Posted to user@geronimo.apache.org by Hernan Cunico <hc...@gmail.com> on 2006/01/27 22:17:27 UTC
Re: Clustering Overview - 10.000 feet...
Hi Jules,
I took the liberty to do some very basic formating to your doc and put it in confluence already (I
hope you won't mind :) )
Here is the link to the *Geronimo Clustering* doc:
http://opensource2.atlassian.com/confluence/oss/display/GERONIMO/Clustering
If you are OK with it I could do some additional formatting and editing to match it to the rest of
the documentation.
Cheers!
Hernan
Jules Gosnell wrote:
> Rather than wait for resolution as to where exactly this document should
> live, I thought I would put this out here before it fossilises on my
> disc, so that people can get on with giving input.
>
> This document is intended to bring together the various threads on
> clustering into a skeleton which we can begin to flesh out. Thus is is
> very incomplete... Please don't take offence at ommissions, mistakes,
> gaps in my understanding, or statement of the obvious - this is just the
> first broad brushstrokes, as evolved by the various clustering
> discussions that have happened recently, drawn into a single, slightly
> more orderly document - everything can change...
>
> Until it finds a permanent home, I am happy to look after it and
> endeavour to keep it up to date with any new threads. if you have a
> particular change that you would like made, please let me know and I
> will ensure that it gets in.
>
> I hope this will give birth to a few more threads to fill in sparse
> areas. Then we can hooks refs to this back into the doc and continue
> forward....
>
>
> Jules
>
>
> ------------------------------------------------------------------------
>
>
> Geronimo Clustering Overview - 10,000 feet...
>
>
> Clustering is one of the key features that distinguishes an enterprise
> JEE implementation from the rest of the pack. As such it is an
> important requirement for Apache Geronimo.
>
> By using clustering technology to provide a scalable and highly
> available platform for JEE deployment, Apache Geronimo will be able to
> compete on equal terms with existing commercial offerings.
>
> This document will begin the task of :
>
> - enumerating clustering requirements in Geronimo's tiers
> - abstracting out commonality from these
> - cataloguing software available to us that may be used to implement them
> - suggesting a clustering architecture
>
> A 'Cluster' is an architecture that achieves scalability and high
> availability through the arrangement of multiple smaller, cheaper,
> less reliable, resources, rather than single large, expensive,
> extremely reliable ones.
>
> Scalability is ensured by decoupling dependencies on shared resources
> so that related tasks may be run concurrently on many machines (nodes)

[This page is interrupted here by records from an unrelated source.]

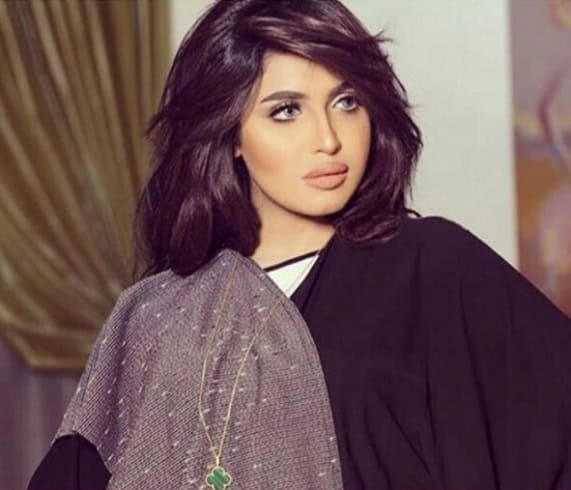 عارضة الأزياء المغربية أحلام البيريني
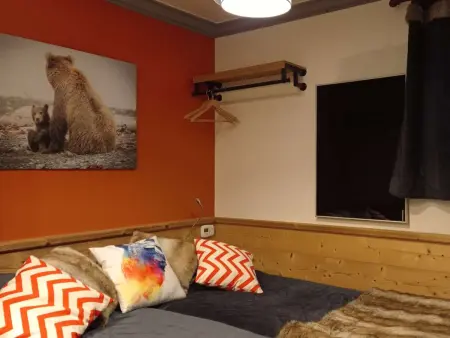 Appartement rénové chaleureux et moderne, 120m², 10-12 pers, accès direct aux pistes, stationnement inclus - Photo 4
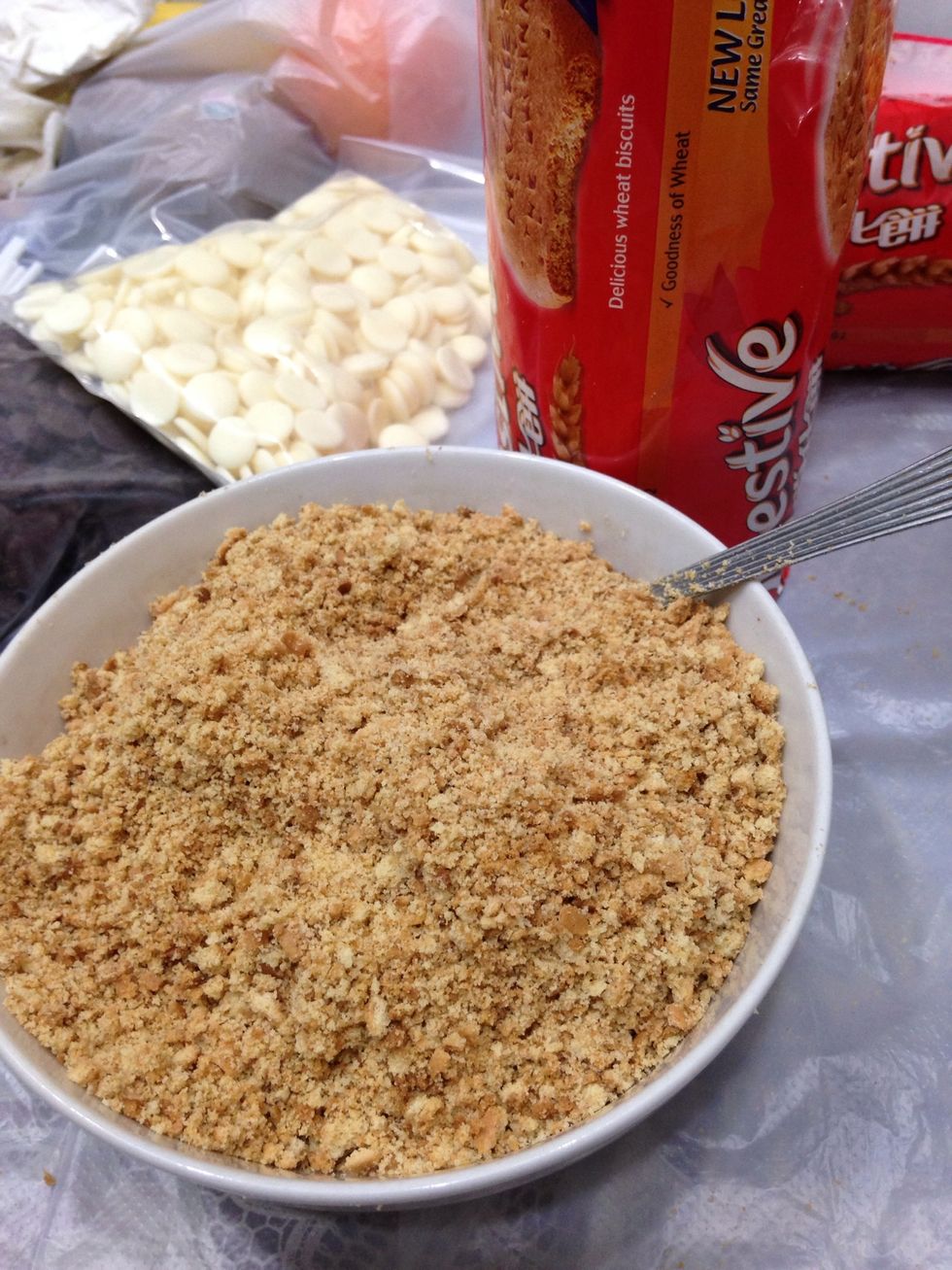 Grind the digestive biscuits. The finer the better.
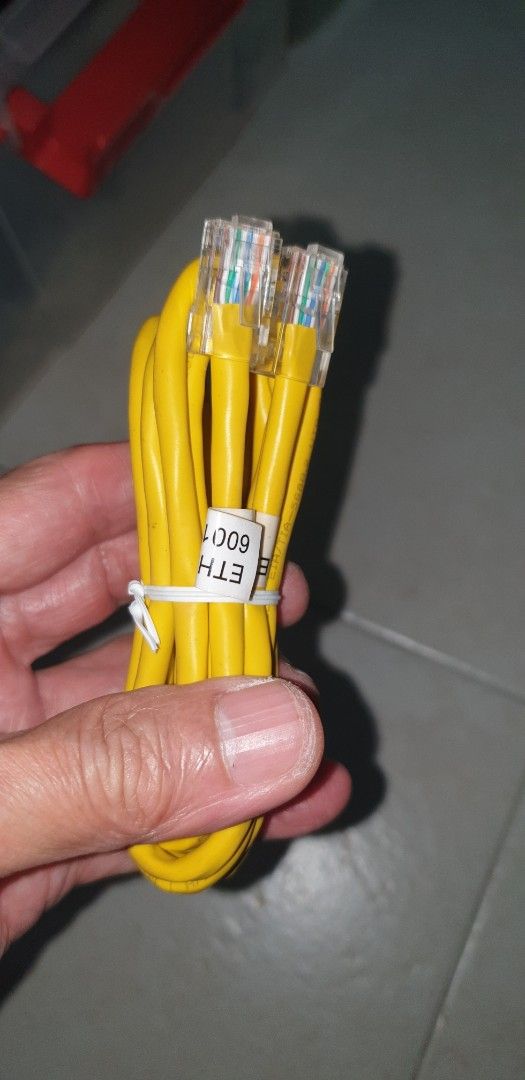 Ethernet yellow cale405987257369251840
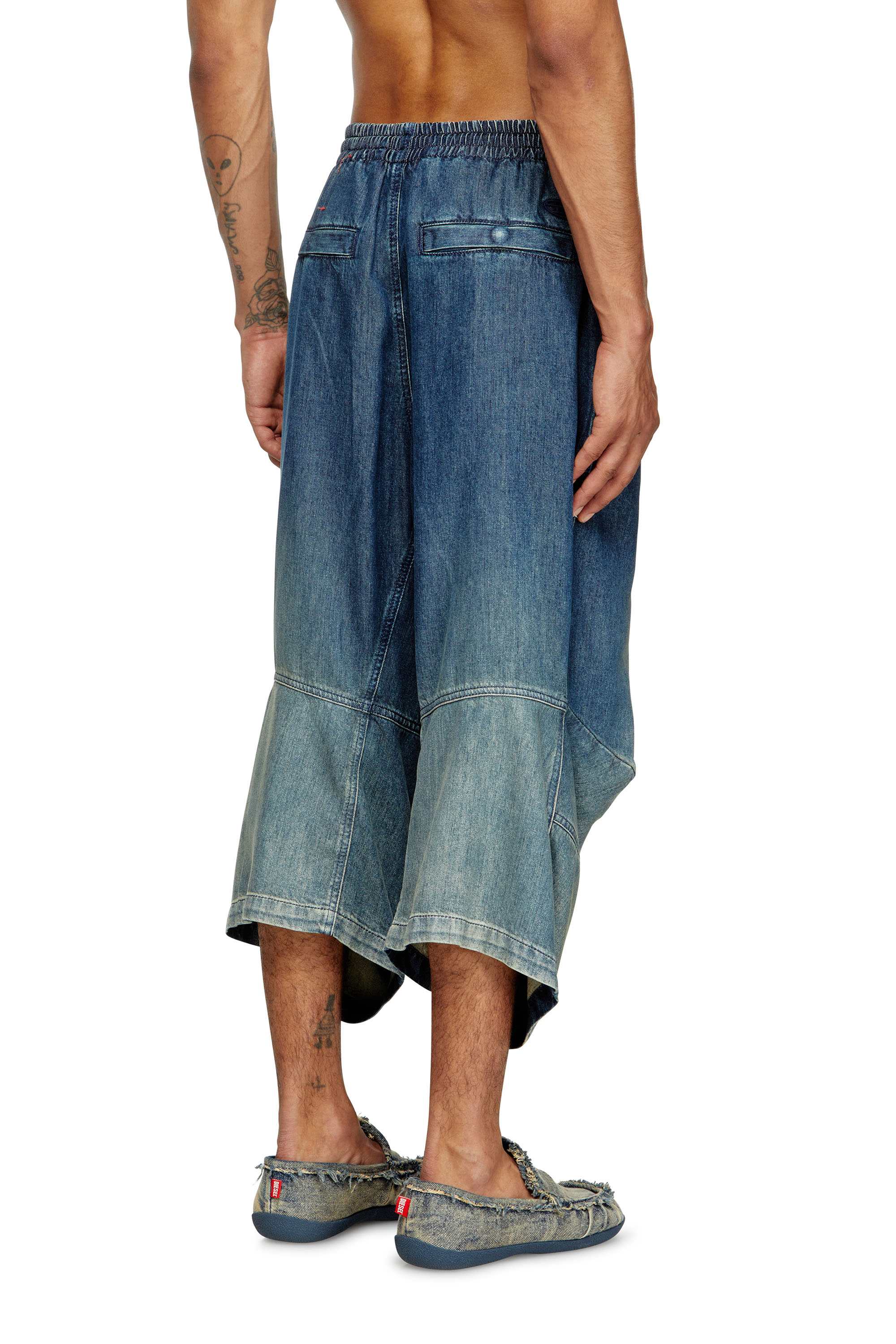 Diesel - D-PARI-SHORT-S, Short ergonomici in denim dégradé Unisex in Blu - 3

> in the cluster without interfering with each other. If your
> architecture achieves this, you can scale to service more users by
> just adding more nodes.
>
> High Availability is achieved through redundancy. If one less-reliable
> node fails, you fail-over to the next. In this way, the availability
> of your system becomes not the sum, but the product of the
> availability of its constituent nodes.
>
> The presence of State in a cluster, frustrates the achievement of both
> of these goals, through being a point of shared contention (many tasks
> may need to read/write the same piece of state at the same time) and
> a point of failure (if state is held in a fragile resource
> e.g. memory, that is lost, then so is the state i,e, it is no longer
> available).
>
> Partitioning state can help restore scalability and making and
> maintaining multiple copies of state (replication) can be used to
> circumvent contention issues. Both solutions lead to further smaller
> problems such as ensuring that processes are run in the same partition
> as their state and ensuring consistancy of view across multiple copies
> of state etc.Other solutions and further problems abound.
>
> The number of different uses of state within a cluster precludes the
> possibility of a single effective solution. So we need to devise
> solutions for each usecase within Geronimo.
>
> We will enumerate and examine these usecases.
>
>
> Web
> ---
>
> URL: http://java.sun.com/products/servlet/download.html#specs
> Interest Group: Jules Gosnell, Jan Bartel, Jeff Genender, David Jencks,...
>
> Clustering in the web-tier has two points of implementation :
>
> The HTTP Load Balancer:
> - our solution should work with any load-balancer
> - we can expect the LB to support some form of affinity (sticky or persistant sessions).
>
>
> The HttpSession:
> - large numbers of potentially large objects (more data in the tier than can comfortably be held in one node) - needs partitioned cache
> - typically frequently written
> - typically frequently read
> - typically a single consumer/client
> - transactionless
> - only one copy of an HttpSession may be 'active' at any one time
> - multi-threaded
> - pessimistic
> - suggested impl - WADI
>
>
> N.B.: Some other solutions allow the clustering of more than just the
> HttpSession. The spec only requires that data stored in the
> HttpSession is distributable.
>
> Dev Threads
> WADI and Network Partitions: http://www.mail-archive.com/dev%40geronimo.apache.org/msg15855.html
> WADI/AS merger - http://www.mail-archive.com/dev@geronimo.apache.org/msg14749.html
>
>
>
> EJB
> ---
>
> URL: http://java.sun.com/products/ejb/docs.html#specs
> Interest group: David Blevins, Gianny Damour
>
> Clustering in the EJB tier (like the web) has two points of implementation :
>
> The Client/Proxy (equiv to Web Load-balancer):
> - cluster-aware proxies needed
> - can same proxies work with both OpenEJB and IIOP protocols ?
>
> The Server:
>
> MDB
> - stateless
>
> SLSB
> - stateless
>
> SFSB
> - large numbers of potentially large objects (more data in the tier than can comfortably be held in one node) - needs partitioned cache
> - transactional
> - typically frequently written
> - typically a single consumer/client
> - typically frequently read
> - single threaded
> - pessimistic
> - suggested impl - WADI
>
> Entity
> - potentially multiple consumers
> - mapped to shared, persistant store
> - transactional
> - read/write frequency variable, pluggable impls required (e.g. RO Beans etc..)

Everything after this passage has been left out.